Thread (121 messages) 121 messages, 13 authors, 2021-09-24

Re: [RFC] LKMM: Add volatile_if()

From: Will Deacon <will@kernel.org>
Date: 2021-06-04 10:44:08
Also in: linux-toolchains, lkml

On Fri, Jun 04, 2021 at 12:12:07PM +0200, Peter Zijlstra wrote:
With optimizing compilers becoming more and more agressive and C so far
refusing to acknowledge the concept of control-dependencies even while
we keep growing the amount of reliance on them, things will eventually
come apart.

There have been talks with toolchain people on how to resolve this; one
suggestion was allowing the volatile qualifier on branch statements like
'if', but so far no actual compiler has made any progress on this.

Rather than waiting any longer, provide our own construct based on that
suggestion. The idea is by Alan Stern and refined by Paul and myself.

Code generation is sub-optimal (for the weak architectures) since we're
forced to convert the condition into another and use a fixed conditional
branch instruction, but shouldn't be too bad.

Usage of volatile_if requires the @cond to be headed by a volatile load
(READ_ONCE() / atomic_read() etc..) such that the compiler is forced to
emit the load and the branch emitted will have the required
data-dependency. Furthermore, volatile_if() is a compiler barrier, which
should prohibit the compiler from lifting anything out of the selection
statement.
When building with LTO on arm64, we already upgrade READ_ONCE() to an RCpc
acquire.
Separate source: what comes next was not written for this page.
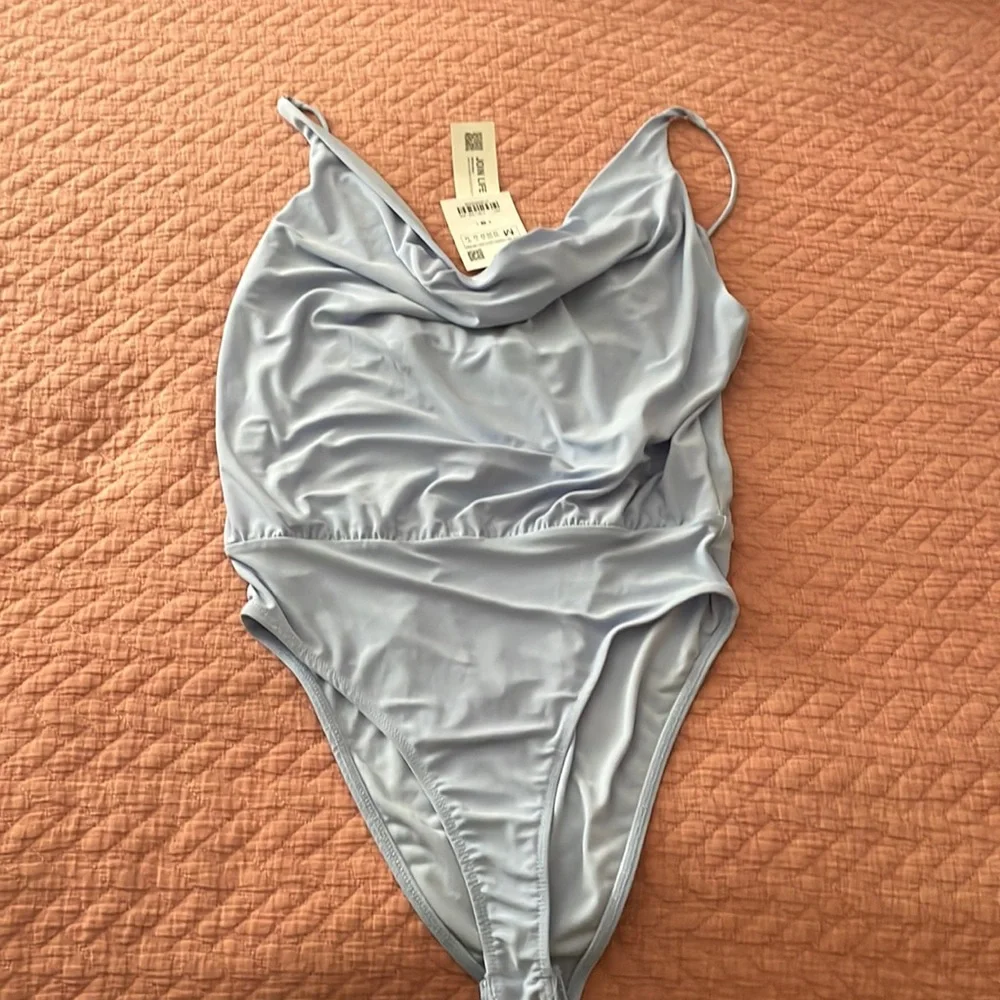New - Picture 1 of 9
In this case, it would be really good to avoid having the dummy
conditional branch somehow, but I can't see a good way to achieve that.
quoted hunk ↗ jump to hunk
This construct should place control dependencies on a stronger footing
until such time that the compiler folks get around to accepting them :-)

I've converted most architectures we care about, and the rest will get
an extra smp_mb() by means of the 'generic' fallback implementation (for
now).

I've converted the control dependencies I remembered and those found
with a search for smp_acquire__after_ctrl_dep(), there might be more.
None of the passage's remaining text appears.